Antes, porém, de nos posicionarmos em relação à constitucionalidade ou não desse Estatuto, é necessário o entendimento político das relações bilaterais dos países, quais os tramites e caminhos que devem percorrer os tratados a serem incorporados em nossa Constituição e, por fim, os interesses e consequências do tratado em questão se for referendado pelo Congresso Nacional.
Duas perguntas são necessárias para o entendimento desta análise: É legitimo esse tratado entre o Estado Brasileiro e o Vaticano? O tratado jurídico proposto pelo Vaticano, se referendado pelo Congresso Nacional, é Constitucional? Eis o que desejamos responder à luz da Constituição Federal Brasileira.
II. Formação da Santa Sé e prerrogativas como Estado
É mister registrar a criação do Estado da Santa Sé que se deu em 1929 pelo Tratado de Latrão, quando sob o governo de Benito Mussolini juntamente com o Papa Pio II estabeleceram a criação desse Estado, tendo como o Pontífice seu dirigente maior elevado a chefe de Estado. Portanto, temos na história um território com pouco mais de 1 km quadrado, encravado dentro do Estado Italiano com todas as prerrogativas de Estado mesmo que em sua essência estejam os interesses da Igreja Católica Apostólica Romana.
Como Estado, pode ele então firmar tratados com outros países.
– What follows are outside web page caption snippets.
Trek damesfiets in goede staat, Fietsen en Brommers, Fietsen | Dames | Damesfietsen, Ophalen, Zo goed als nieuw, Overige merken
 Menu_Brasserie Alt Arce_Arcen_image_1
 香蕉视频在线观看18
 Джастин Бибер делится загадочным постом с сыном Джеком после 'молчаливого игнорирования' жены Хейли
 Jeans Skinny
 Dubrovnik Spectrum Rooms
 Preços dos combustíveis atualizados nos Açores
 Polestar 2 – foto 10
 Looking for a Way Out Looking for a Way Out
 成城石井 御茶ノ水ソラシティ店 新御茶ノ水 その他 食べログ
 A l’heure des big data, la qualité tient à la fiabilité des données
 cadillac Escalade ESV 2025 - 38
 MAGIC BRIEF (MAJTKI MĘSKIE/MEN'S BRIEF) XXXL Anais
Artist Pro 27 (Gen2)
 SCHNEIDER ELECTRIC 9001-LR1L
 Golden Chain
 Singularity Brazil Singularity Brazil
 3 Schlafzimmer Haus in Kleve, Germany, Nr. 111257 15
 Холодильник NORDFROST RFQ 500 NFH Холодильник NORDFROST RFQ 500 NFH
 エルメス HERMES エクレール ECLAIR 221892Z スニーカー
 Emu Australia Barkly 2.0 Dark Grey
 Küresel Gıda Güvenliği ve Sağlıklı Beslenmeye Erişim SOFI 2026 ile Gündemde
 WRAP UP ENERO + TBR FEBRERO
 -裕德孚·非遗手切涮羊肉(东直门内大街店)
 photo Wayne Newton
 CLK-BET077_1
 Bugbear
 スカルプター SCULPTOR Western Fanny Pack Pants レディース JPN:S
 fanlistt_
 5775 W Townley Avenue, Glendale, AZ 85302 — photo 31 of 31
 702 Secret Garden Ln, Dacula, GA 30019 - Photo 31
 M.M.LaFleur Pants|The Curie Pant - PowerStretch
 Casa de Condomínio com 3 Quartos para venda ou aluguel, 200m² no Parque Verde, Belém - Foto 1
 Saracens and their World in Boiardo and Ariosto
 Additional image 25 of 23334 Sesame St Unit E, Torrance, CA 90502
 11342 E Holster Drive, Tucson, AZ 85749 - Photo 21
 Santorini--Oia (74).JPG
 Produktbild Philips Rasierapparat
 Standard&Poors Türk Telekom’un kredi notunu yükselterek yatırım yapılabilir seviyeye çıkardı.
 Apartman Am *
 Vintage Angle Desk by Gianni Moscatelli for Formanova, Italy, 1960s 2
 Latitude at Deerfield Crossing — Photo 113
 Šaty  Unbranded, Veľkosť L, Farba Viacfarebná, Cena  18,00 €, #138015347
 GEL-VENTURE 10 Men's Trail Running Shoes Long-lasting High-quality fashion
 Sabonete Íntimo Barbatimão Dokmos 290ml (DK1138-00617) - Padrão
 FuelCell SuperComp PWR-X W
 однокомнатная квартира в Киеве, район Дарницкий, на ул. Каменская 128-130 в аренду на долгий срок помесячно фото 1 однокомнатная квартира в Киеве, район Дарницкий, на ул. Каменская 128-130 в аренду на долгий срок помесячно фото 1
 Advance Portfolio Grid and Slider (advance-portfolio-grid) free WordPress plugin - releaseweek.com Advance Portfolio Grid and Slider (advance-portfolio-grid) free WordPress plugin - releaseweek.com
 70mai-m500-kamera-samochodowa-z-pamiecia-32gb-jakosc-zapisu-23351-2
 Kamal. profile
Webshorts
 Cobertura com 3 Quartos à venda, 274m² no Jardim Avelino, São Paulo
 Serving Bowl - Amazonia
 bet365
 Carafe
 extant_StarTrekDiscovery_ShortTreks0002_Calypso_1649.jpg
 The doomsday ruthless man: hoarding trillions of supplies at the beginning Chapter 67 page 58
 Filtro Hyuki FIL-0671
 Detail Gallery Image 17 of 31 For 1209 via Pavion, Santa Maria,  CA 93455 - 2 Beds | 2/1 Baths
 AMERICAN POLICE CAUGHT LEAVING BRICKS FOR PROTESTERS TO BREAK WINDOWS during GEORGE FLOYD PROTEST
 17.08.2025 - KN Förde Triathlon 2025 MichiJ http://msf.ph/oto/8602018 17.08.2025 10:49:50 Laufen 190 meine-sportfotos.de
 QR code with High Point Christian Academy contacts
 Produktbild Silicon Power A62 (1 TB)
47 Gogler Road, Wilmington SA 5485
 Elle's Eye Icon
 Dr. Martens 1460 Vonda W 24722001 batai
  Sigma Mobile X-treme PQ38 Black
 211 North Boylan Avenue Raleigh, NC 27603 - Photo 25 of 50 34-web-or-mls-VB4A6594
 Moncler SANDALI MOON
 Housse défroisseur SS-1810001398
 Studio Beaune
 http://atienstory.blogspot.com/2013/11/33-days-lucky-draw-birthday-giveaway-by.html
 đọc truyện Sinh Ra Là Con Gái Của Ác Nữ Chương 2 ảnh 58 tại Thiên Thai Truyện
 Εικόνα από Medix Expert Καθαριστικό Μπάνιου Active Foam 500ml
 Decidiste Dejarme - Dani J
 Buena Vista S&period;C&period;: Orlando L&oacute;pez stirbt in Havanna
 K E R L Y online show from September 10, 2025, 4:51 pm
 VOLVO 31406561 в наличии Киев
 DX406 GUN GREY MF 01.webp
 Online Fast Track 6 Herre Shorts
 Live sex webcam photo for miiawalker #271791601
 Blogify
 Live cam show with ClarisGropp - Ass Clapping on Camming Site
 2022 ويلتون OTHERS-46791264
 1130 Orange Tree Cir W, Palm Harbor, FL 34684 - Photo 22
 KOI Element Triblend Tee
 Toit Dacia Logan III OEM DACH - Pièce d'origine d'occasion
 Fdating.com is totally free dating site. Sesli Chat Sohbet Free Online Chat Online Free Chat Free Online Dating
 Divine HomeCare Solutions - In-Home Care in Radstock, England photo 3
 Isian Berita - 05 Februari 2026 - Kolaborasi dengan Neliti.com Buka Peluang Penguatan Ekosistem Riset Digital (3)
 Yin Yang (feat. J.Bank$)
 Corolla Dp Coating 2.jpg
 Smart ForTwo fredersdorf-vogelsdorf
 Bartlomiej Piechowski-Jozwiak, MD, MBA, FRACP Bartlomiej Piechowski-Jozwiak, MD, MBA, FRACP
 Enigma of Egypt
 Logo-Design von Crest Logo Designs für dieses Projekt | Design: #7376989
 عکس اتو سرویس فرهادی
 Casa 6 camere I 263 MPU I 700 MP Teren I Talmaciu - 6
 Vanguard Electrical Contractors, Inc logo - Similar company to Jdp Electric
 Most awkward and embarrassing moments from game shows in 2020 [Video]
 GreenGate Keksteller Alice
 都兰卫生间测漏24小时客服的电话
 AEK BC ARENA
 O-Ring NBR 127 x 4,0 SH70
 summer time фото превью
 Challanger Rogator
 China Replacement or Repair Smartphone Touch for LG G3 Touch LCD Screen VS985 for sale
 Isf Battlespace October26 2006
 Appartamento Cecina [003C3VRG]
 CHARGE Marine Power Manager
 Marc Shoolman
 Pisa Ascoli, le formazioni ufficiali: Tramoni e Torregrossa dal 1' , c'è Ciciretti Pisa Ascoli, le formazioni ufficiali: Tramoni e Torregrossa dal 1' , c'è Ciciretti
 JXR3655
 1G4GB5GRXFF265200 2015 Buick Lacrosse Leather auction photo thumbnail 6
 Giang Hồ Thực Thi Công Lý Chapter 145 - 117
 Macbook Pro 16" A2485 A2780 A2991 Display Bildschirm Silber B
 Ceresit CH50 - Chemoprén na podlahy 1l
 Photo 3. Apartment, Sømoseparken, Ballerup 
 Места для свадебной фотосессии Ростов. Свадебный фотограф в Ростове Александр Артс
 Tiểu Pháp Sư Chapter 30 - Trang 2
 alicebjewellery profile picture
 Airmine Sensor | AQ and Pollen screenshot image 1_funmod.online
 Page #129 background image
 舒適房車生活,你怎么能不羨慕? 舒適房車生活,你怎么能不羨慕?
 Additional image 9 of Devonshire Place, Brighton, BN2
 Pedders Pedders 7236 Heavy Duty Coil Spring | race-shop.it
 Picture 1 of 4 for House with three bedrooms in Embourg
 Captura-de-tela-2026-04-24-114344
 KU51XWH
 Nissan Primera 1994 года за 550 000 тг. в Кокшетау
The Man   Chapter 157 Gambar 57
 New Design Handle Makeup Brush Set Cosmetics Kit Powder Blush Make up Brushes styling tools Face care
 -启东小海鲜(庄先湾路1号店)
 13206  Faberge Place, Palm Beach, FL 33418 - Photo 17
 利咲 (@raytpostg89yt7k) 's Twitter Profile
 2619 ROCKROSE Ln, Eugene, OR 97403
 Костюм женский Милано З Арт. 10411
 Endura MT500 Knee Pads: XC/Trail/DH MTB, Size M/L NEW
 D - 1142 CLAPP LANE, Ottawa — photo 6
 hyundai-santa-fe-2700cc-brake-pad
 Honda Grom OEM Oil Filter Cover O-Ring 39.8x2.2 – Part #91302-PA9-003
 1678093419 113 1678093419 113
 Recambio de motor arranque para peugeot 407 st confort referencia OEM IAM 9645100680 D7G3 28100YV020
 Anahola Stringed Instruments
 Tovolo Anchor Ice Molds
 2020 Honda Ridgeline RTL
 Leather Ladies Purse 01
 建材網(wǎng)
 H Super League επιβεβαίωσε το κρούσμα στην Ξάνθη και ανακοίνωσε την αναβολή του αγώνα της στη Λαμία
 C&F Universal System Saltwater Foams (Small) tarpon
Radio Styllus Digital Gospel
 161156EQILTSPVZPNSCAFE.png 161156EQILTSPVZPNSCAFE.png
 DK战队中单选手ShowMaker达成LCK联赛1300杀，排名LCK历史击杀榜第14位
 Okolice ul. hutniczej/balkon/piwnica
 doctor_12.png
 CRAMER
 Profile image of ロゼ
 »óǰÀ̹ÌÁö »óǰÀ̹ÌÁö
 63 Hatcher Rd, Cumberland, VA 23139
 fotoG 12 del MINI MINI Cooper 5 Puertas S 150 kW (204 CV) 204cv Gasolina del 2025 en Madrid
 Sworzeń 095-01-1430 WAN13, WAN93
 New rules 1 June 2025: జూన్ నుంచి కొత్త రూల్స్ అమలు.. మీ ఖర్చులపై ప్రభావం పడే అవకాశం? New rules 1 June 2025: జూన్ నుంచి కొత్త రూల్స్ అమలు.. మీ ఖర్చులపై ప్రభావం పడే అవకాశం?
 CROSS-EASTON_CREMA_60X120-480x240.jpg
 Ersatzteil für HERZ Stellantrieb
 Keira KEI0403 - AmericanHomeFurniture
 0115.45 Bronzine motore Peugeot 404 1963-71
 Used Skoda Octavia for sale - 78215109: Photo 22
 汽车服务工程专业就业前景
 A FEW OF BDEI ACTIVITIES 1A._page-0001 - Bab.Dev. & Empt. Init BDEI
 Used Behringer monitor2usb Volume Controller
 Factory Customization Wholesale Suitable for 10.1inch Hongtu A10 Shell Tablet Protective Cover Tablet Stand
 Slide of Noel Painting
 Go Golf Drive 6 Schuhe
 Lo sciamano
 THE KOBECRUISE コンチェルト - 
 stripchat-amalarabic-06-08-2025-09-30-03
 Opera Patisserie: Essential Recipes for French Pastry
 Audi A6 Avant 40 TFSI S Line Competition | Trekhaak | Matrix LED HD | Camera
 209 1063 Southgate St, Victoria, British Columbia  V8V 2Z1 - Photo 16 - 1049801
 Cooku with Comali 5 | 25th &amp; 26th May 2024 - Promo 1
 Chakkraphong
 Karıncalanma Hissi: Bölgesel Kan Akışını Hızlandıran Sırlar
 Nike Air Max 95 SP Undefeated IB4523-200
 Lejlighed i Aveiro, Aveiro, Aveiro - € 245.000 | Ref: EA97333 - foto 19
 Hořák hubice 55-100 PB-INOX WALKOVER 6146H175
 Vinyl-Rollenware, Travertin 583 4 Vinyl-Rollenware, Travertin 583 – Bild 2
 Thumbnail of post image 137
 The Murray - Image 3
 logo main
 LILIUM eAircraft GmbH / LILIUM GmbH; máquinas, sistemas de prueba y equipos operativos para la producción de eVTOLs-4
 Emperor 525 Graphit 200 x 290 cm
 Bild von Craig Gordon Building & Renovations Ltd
Em relação ao Brasil, nossa Constituição diz no seu Art. 84, inc. VIII, que:
“Art. 84 Compete privativamente ao Presidente da República:
Inc. VIII Celebrar tratados, convenções e atos internacionais, sujeitos a referendo do Congresso Nacional.”
Nada há o que impeça o Brasil de celebrar a priori tratados e convenções com a Santa Sé, pois se trata de dois Estados com prerrogativas e independência para tal. Importante frisar que a Santa Sé é uma pessoa jurídica de direito internacional e independente do seu interesse maior de salvaguardar os preceitos religiosos oriundos da formação do Estado em questão, não há impedimento de tratativas entre os dois entes.
III. O Brasil como Estado laico
O que tem suscitado questionamentos por parte de representantes evangélicos e de pessoas que estão atentas a esse tratado que foi proposto com pouca divulgação no País, principalmente por seu representante máximo, é a laicidade do Estado brasileiro e o possível desrespeito a essa premissa constitucional, senão vejamos:
No art. 19 da Constituição Federal, lê-se: “É vedado à União, aos Estados, ao Distrito Federal e aos Municípios:
“Inc. I: estabelecer cultos religiosos ou igrejas, subvencioná-los, embaraçar-lhes o funcionamento ou manter com eles ou seus representantes relações de dependência ou aliança, ressalvada, na forma de lei, a colaboração de interesse público;
“Inc. III: criar distinções entre brasileiros ou preferências entre si."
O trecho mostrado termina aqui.